Raw data:
- - -

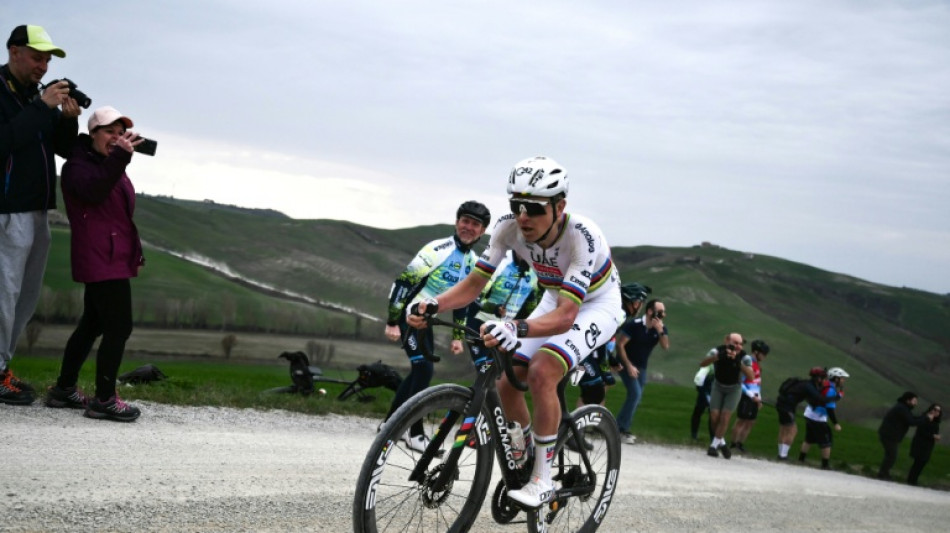Pogacar begins season with dominant Strade Bianche win
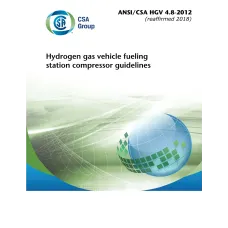 CSA ANSI HGV 4.8-2012/CSA 12.8-2002 (R2023)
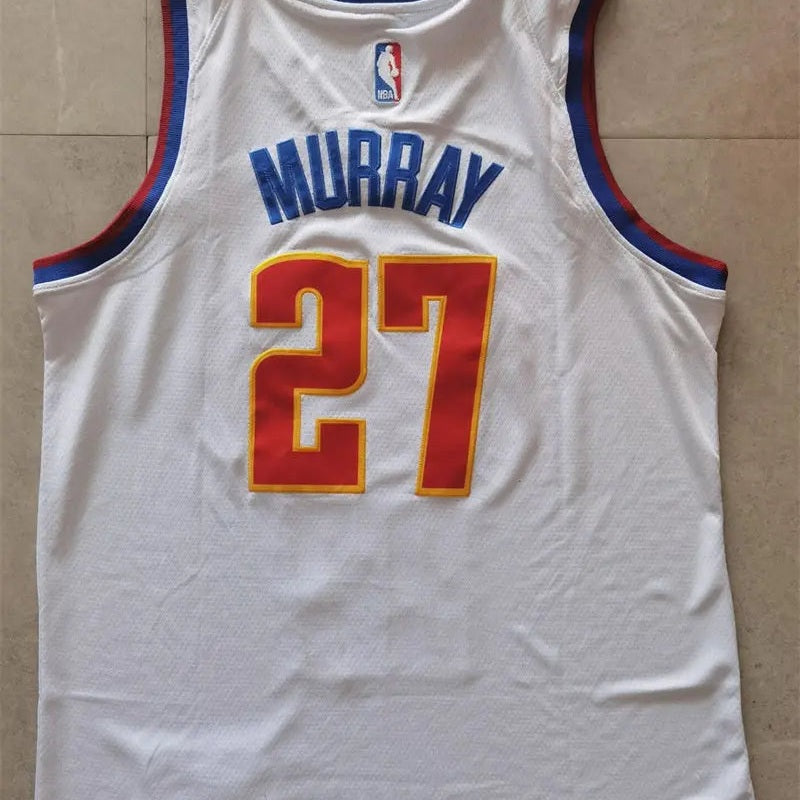 Denver Nuggets Murray NO.27 Basketball Jersey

- - -

How to complete this task:
Reproduce the listing above exactly, but skip the pictures.

Exercise output:
Pogacar begins season with dominant Strade Bianche win
 CSA ANSI HGV 4.8-2012/CSA 12.8-2002 (R2023)
 Denver Nuggets Murray NO.27 Basketball Jersey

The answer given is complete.